### Brief
Every line below that carries the word "sale" needs to be copied.

(Material for the task)

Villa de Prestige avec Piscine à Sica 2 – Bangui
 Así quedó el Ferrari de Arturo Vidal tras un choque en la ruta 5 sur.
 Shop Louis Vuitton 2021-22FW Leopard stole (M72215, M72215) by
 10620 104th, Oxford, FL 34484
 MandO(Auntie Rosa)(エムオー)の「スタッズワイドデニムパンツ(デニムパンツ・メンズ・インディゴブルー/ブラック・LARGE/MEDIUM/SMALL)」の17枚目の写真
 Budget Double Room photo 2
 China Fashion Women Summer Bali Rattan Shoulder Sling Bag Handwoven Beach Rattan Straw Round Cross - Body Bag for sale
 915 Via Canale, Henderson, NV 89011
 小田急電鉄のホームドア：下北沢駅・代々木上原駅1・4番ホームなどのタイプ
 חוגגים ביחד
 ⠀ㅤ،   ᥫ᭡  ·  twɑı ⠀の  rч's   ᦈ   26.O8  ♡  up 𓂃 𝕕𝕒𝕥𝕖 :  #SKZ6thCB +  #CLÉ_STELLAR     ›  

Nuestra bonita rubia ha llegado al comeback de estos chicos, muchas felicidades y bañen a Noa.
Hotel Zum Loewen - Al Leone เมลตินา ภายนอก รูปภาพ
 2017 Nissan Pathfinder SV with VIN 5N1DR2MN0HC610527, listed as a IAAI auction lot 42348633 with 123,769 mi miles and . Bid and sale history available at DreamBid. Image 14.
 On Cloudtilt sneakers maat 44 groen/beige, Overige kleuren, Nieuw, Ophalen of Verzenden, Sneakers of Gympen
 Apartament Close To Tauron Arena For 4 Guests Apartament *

(End Material for the task)

### Reply to the exercise
 China Fashion Women Summer Bali Rattan Shoulder Sling Bag Handwoven Beach Rattan Straw Round Cross - Body Bag for sale
 2017 Nissan Pathfinder SV with VIN 5N1DR2MN0HC610527, listed as a IAAI auction lot 42348633 with 123,769 mi miles and . Bid and sale history available at DreamBid. Image 14.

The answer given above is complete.